2011年8月3日星期三

Snow lotus yeast enzyme (天山雪莲)

7月31日大姐从沙巴飞到 LCCT 后再转机飞回伦敦。他有四个小时的时间呆在候机室。他想把天山雪莲送给我,希望我能过去那里与他会面。我人在甲州,再说早上九时我和家人要到榴莲栋戈水坝去放生。电话中,交待他把制作天山雪莲的方法介绍给我。回到英国的他马上就电邮给我了。在此,我得先向 wlst 道谢。我完全引用他部落格内的有关资料。



Home made Snow lotus yeast enzyme


Some basic tools/instruments that you need for the entire process are listed below:
1. Big plastic bucket/container (for temporarily storing the enzyme)
2. Smaller plastic bucket (for mixing brown sugar with filtered water)
3. Plastic filters
4. Cloth coffee filter (for filtering diluted brown sugar)
5. Wooden/plastic spatula (for diluting brown sugar with filtered water)
6. Rice bowls
7. Glass container with plastic, screwed on cover (for fermentation)
8. A funnel (for pouring the enzyme into glass bottles)

Below are the ingredients and procedures (Mr.
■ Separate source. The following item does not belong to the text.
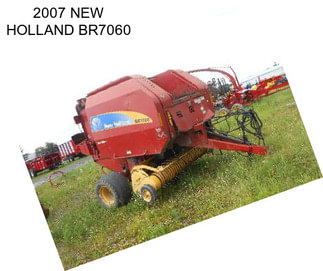 2007 NEW HOLLAND BR7060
A already made one for us so what we did was to harvest and make a new one):
1. Pour out the fermented yeast (enzyme) into a clear plastic container by filtering the yeast and the enzyme



2. Clean the glass container

3. The ingredients should be mixed in the following proportions depending on the size of your glass container (note that there is no strict ruling that the ratios below have to be exact, you may adjust according to preference, e.g. if you accidentally added more than 3l of water, you can add more sugar and yeast to balance up again):

  • 6 bowls of Snow Lotus yeast
  • 2 bowls of brown sugar (Thai brown sugar cost around RM28 for 7kg, preferably use Indian brown sugar at RM21 for 7kg)
  • 2.7-3 liters of filtered water

Mix 2 bowls of brown sugar with 3 liters of filtered water. The brown sugar is hard, the wooden spatula is for stirring and crushing the sugar while mixing:



The brown sugar solution will contain some dirt, pieces of cane, etc therefore a coffee filter is needed for extra filtering:

Upon finishing the above procedures, the last step is to close the lid. You need to close and tighten the lid once, open it then close and tighten in again. The fermentation process should take place is a cool, dry place away from direct sunlight for 4 days (e.g. you start on Sunday night 9pm, next harvesting day will be Thurday before 9pm) until the next harvest.
After every 5th harvest, you should rinse the yeast using filtered water. If you plan to stop the fermentation/harvesting for a short period (say you have holiday plans, etc), you can store the yeast in the refrigerator up to 3 months.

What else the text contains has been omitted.